This calls for a verbatim copy of all the data, with no images carried over.

+++ Exercise data +++

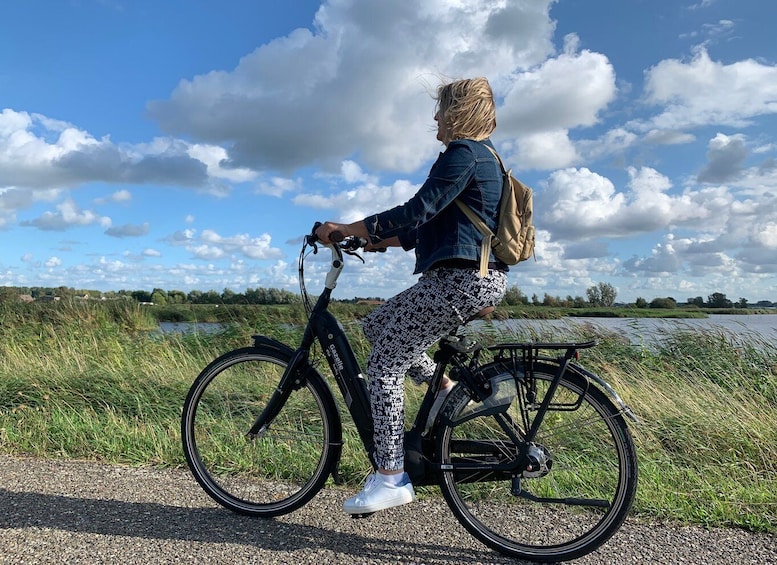 Picture 1 for Activity Amsterdam: Countryside Bike Tour and Zaanse Schans Windmills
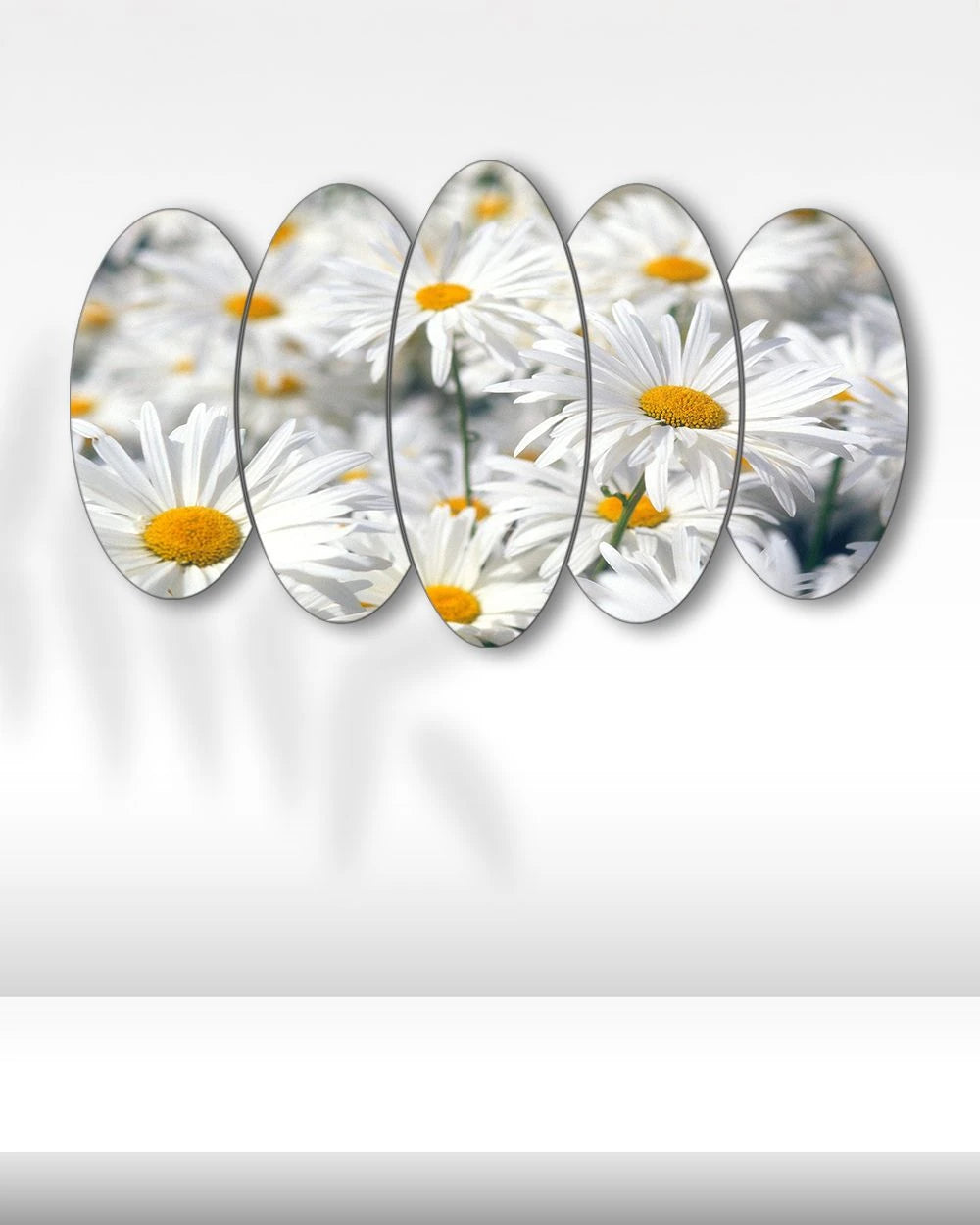 Beyaz Papatya Bahçesi - 5 Parçalı Çiçek Tablo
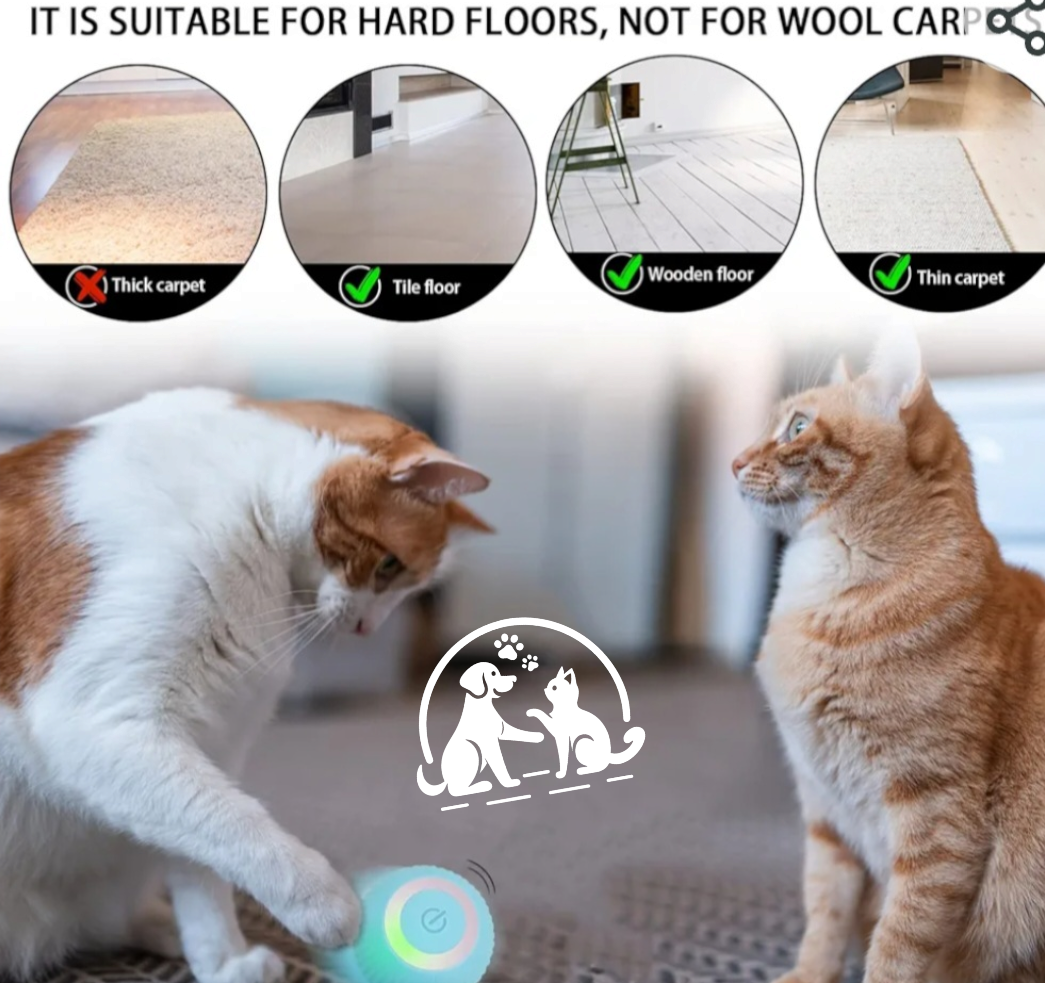 Balle Intelligente et amusante pour Chat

+++

◆ **Answer area**
 Picture 1 for Activity Amsterdam: Countryside Bike Tour and Zaanse Schans Windmills
 Beyaz Papatya Bahçesi - 5 Parçalı Çiçek Tablo
 Balle Intelligente et amusante pour Chat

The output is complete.